NKD: container cloud cluster and OS integrated operation and maintenance tool

NKD is the abbreviation of NestOS-kubernetes-Deployer, which is a solution prepared for the operation and maintenance of Kubernetes clusters deployed based on NestOS. Its goal is to provide services such as deployment, update and configuration management of the cluster infrastructure (including the operating system and Kubernetes basic components) outside the cluster.

1 Introduction

As the de facto standard for container cloud scenarios in the cloud-native field, Kubernetes greatly simplifies the deployment and management of containerized applications with its excellent functions and flexibility. Container technology encapsulates the required operating environment and realizes decoupling from the underlying operating system, while Kubernetes further realizes decoupling from the underlying operating nodes, enabling seamless deployment of applications in different cloud providers and environments. However, this decoupling also brings new challenges. With the wide application of Kubernetes, the complexity of operation and maintenance has gradually become prominent.
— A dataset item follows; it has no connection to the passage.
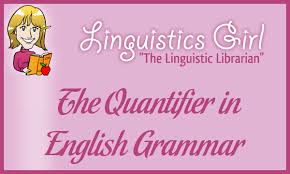 However, note that some of the examples in the chart can take on several different roles within a. The Quantifier In English Grammar Parenting Patch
Maintaining a Kubernetes cluster requires a lot of technology and resources, and operation and maintenance personnel must be familiar with complex Kubernetes configuration and management to ensure the stable operation of the cluster. To solve this problem, the operation and maintenance personnel mainly devote their energy to the operation and maintenance management of the cluster itself, hold a conservative attitude towards the underlying operating system and Kubernetes basic components, and avoid frequent updates. However, considering the support of security updates and features of new versions of Kubernetes, it is imperative to update the underlying infrastructure components. Therefore, a solution is needed to simplify the operation and maintenance of the underlying infrastructure and make it easier for the operation and maintenance to manage and update the infrastructure of the cluster.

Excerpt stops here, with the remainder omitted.